The word humanitarianism describes a "philanthropic disposition , mindset". In the German-speaking area, however, the term has a rather negative coloring.

Humanitarianism in debate

Jean Pictet regards humanitarianism as "a developed, rationalized form of love and justice". Konstantinos Delikostantis pointed out that humanitarianism in the sense of Pictet could have fatal consequences for the understanding of humanity and human rights . For him, in Pictet's elevation of humanitarianism to the basis of an internationalized humanity, there is the risk that the social-demonistic endeavors contained therein overshadow and distort all other positive intentions of humanitarian thought. Even Arnold Gehlen saw in humanitarianism a danger, namely when this an ethical supremacy stressful and other ethoses displacement. Gehlen's accusation of humanitarianism essentially relates to the linking of humanitarianism with mass eudaemonism and hypertrophic moralizing . In addition, Gehlen criticized that, in the guise of humanitarianism, particular interests were presented as global concerns. Vilfredo Pareto interpreted humanitarianism as a sign of the decline of the respective ruling elite, and Raymond Aron also believed that humanitarianism was a possible sign of the decline of Western society.

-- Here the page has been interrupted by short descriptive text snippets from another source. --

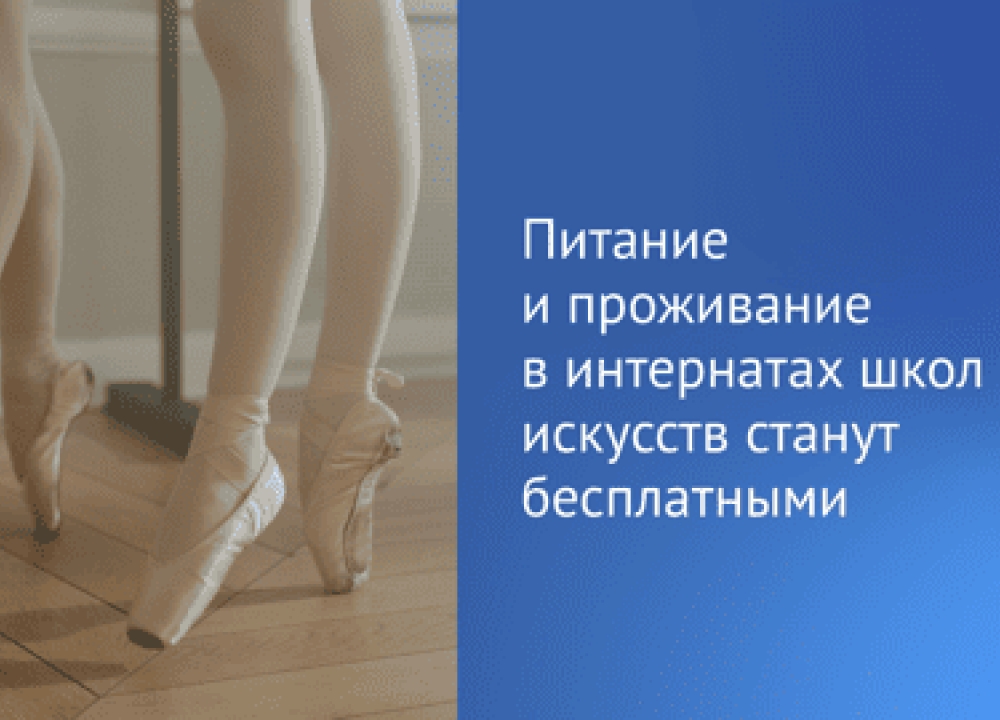 Проживание детей в интернатах изменятся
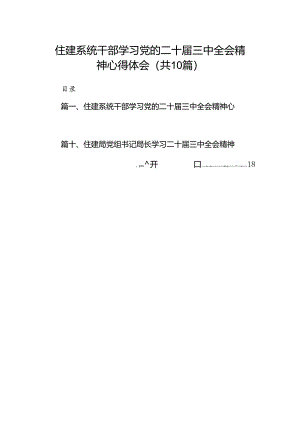 （10篇）住建系统干部学习党的二十届三中全会精神心得体会范文.docx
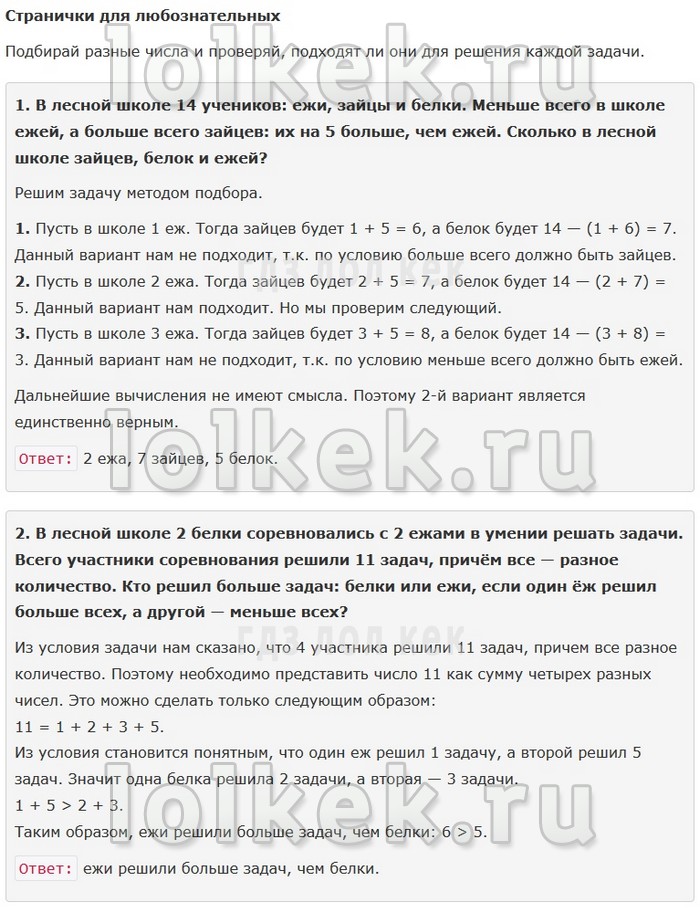 гдз 4 класс Учебник: часть 1, 2 страница 18 Математика Моро М.И., Бантова М.А.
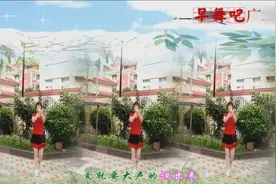广场舞《爱就要大声说出来》舞姿舒展 赏心悦目，早舞吧广场舞视频封面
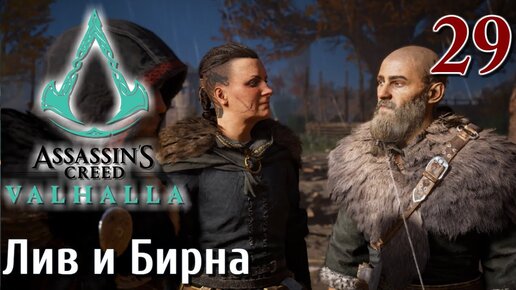 Assassins Creed Valhalla ПРОХОЖДЕНИЕ НА РУССКОМ #29 Лив и Бирна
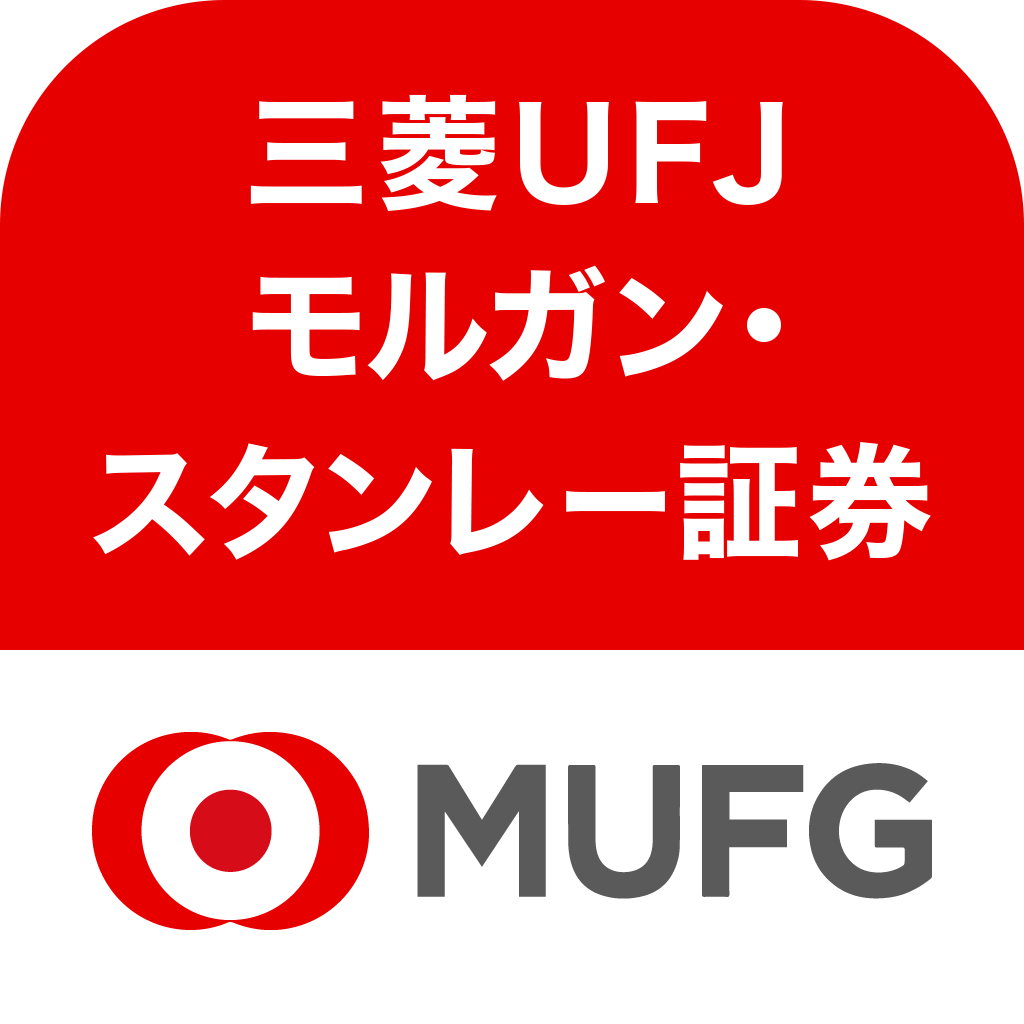 三菱UFJモルガン・スタンレー証券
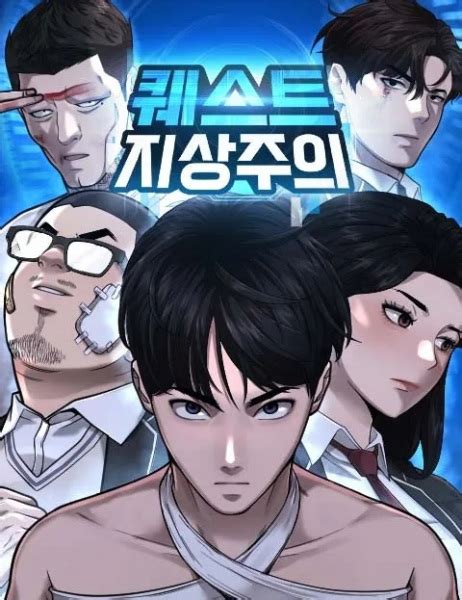 Questism - Chi tiết Manga | Truyện Tranh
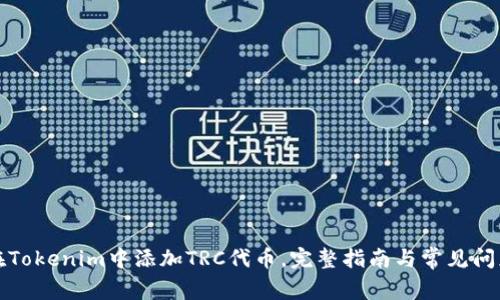 如何在Tokenim中添加TRC代币，完整指南与常见问题解答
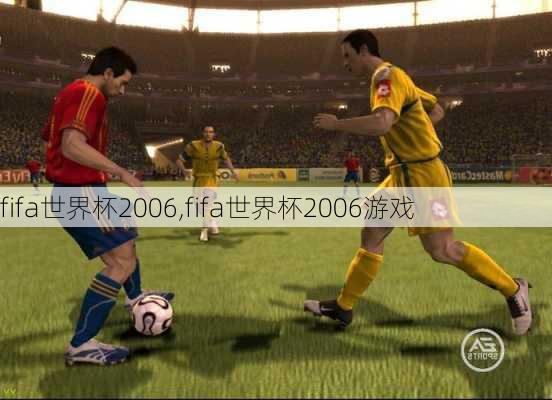 fifa世界杯2006,fifa世界杯2006游戏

Some left theorists (related to Gehlen) criticize the aspect of humanitarianism precisely because it is used as an instrument of imperialism and that aid does not get to the root of the problem.

literature

  • Johannes Paulmann (Ed.): Dilemmas of Humanitarian Aid in the Twentieth Century. (= Studies of the German Historical Institute London). Oxford University Press: Oxford 2016. ISBN 978-0-19-877897-4 ; Review on h-soz-kult

See also

Web links

Individual evidence

  1. Egon Haffner: “Humanitarism” and the attempts to overcome it in Nietzsche, Scheler and Gehlen, Würzburg 1988, p. 16.
  2. ^ Matthias Pape: Humanitarian intervention. On the importance of human rights in the United Nations, Baden-Baden 1997, p. 26.
  3. ^ Tilman Just: Ethical Conflicts in Humanitarian Aid. Shown with special consideration of the humanitarian aid situation in Bosnia-Herzegovina 1992-1995. Heidelberg 1998, p. 125.
  4. Konstantinos Delikostantis, Modern Humanitarism. To determine and criticize a contemporary interpretation of the idea of ​​humanity, Mainz 1982
  5. ^ Arnold Gehlen: Morality and Hypermoral. A pluralistic ethics, ed. by Karl-Siegbert Rehberg, Frankfurt am Main 2004, 6th edition (1969).